(Web page caption snippets)

:::::

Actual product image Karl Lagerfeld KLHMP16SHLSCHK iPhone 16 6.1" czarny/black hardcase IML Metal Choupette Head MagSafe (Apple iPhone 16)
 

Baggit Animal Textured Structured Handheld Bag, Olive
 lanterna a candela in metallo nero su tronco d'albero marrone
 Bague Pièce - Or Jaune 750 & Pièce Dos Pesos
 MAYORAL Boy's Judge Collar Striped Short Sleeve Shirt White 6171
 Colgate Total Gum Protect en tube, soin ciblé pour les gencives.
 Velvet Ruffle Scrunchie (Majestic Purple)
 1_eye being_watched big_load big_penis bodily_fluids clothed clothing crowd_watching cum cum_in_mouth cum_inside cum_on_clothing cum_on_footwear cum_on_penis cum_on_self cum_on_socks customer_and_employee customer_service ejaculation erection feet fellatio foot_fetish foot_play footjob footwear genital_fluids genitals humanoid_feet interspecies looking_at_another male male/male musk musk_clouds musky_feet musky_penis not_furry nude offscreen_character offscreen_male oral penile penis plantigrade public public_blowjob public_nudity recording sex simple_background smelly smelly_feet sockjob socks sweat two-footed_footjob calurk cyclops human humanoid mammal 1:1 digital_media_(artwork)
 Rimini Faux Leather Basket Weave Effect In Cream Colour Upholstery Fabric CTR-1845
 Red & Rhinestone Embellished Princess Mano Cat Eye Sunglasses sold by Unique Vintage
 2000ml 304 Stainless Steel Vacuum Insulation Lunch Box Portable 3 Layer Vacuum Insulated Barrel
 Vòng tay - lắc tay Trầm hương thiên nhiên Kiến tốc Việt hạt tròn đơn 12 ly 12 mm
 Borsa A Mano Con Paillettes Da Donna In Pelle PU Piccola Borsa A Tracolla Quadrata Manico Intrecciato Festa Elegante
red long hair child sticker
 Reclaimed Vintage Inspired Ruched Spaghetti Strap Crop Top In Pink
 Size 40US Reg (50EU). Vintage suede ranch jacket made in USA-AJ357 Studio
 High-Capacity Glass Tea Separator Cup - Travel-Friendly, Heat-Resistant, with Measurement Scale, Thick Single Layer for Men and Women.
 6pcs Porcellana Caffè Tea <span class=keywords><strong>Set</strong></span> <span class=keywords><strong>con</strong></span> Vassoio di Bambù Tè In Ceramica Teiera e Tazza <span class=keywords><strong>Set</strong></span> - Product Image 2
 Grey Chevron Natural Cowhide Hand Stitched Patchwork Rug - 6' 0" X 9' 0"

:::::

§ Problem statement
What you retype should run from the first line of the entries above through the line containing "MAYORAL Boy's Judge", exactly and in full.

§ Response area
Actual product image Karl Lagerfeld KLHMP16SHLSCHK iPhone 16 6.1" czarny/black hardcase IML Metal Choupette Head MagSafe (Apple iPhone 16)
 

Baggit Animal Textured Structured Handheld Bag, Olive
 lanterna a candela in metallo nero su tronco d'albero marrone
 Bague Pièce - Or Jaune 750 & Pièce Dos Pesos
 MAYORAL Boy's Judge Collar Striped Short Sleeve Shirt White 6171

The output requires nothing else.